Directions for this task: From top to bottom, print the listing word for word and skip any pictures it contains.

Source material:

::::::::

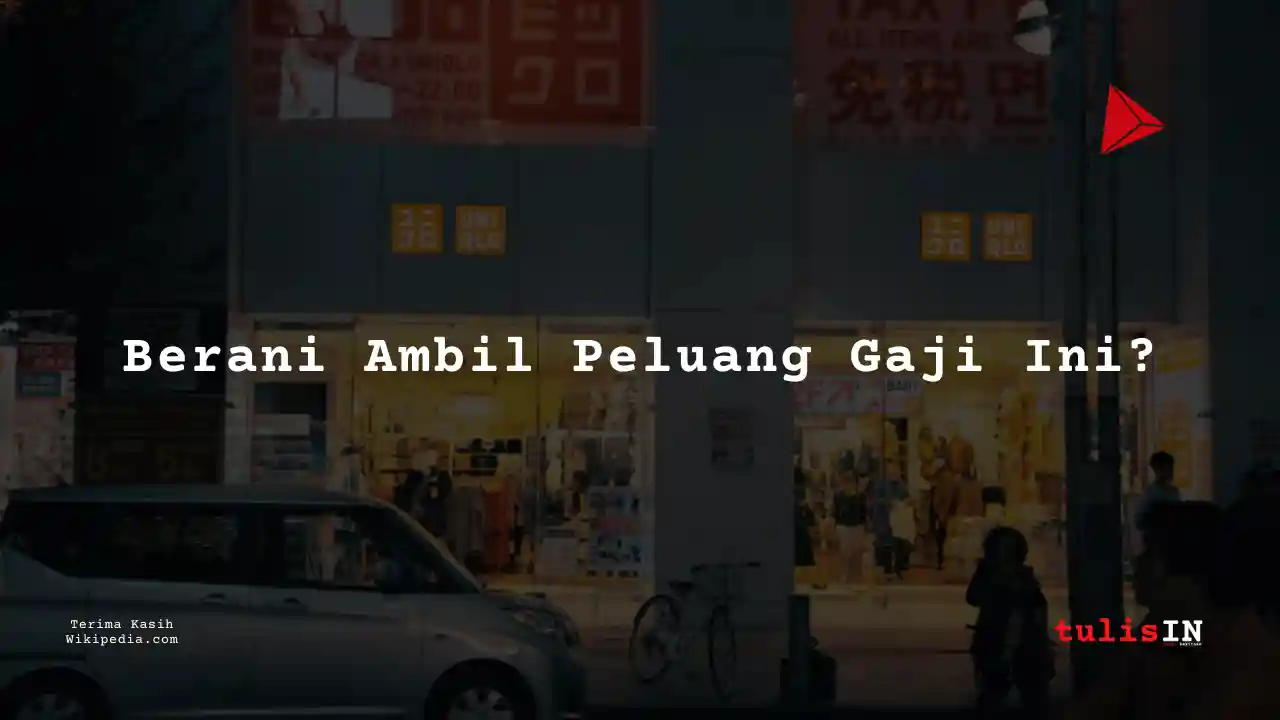 Berapa Gaji Visual Merchandiser di UNIQLO?
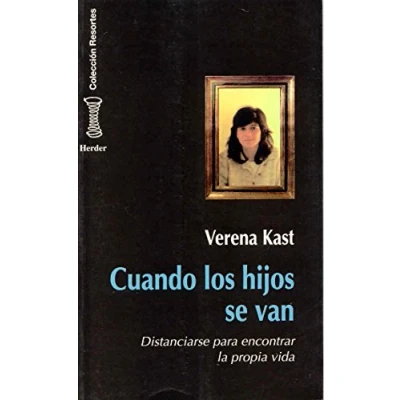 Imagen de Cuando los hijos se van: Distanciarse para encontrar la propia vida (SIN COLECCION)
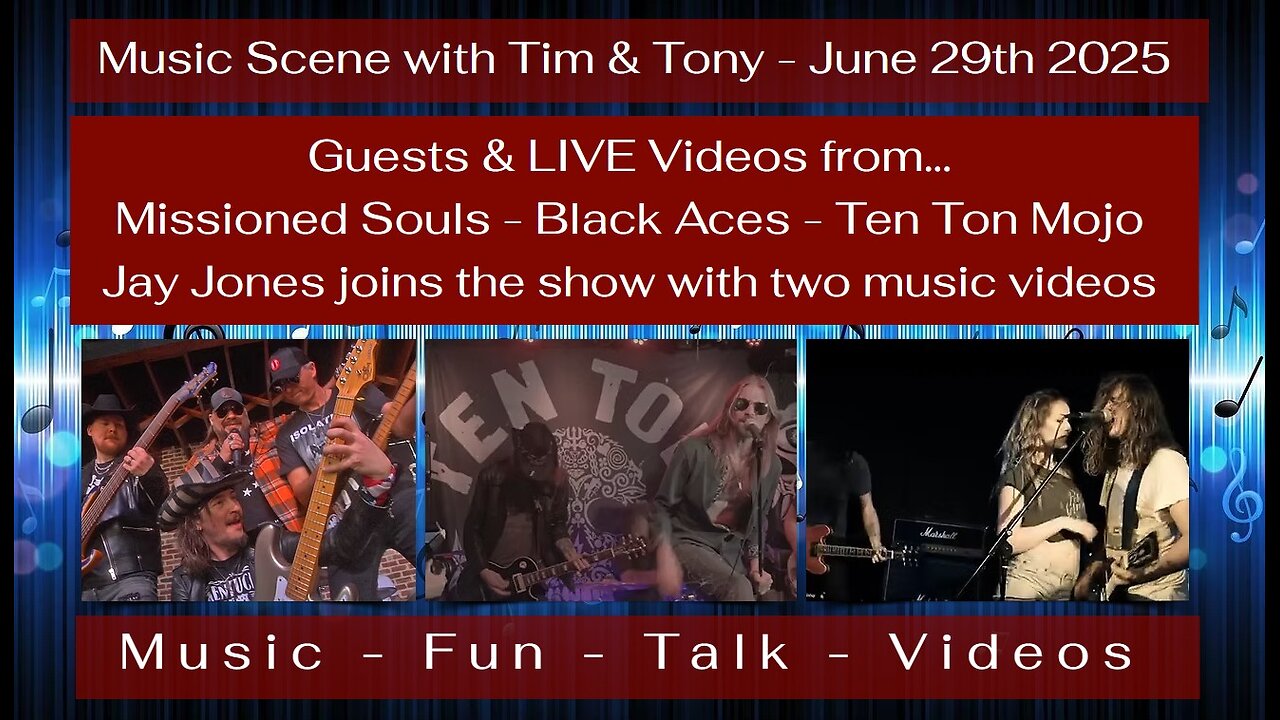 Music Scene with Tim & Tony - June 29th 2025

::::::::

Written response:
 Berapa Gaji Visual Merchandiser di UNIQLO?
 Imagen de Cuando los hijos se van: Distanciarse para encontrar la propia vida (SIN COLECCION)
 Music Scene with Tim & Tony - June 29th 2025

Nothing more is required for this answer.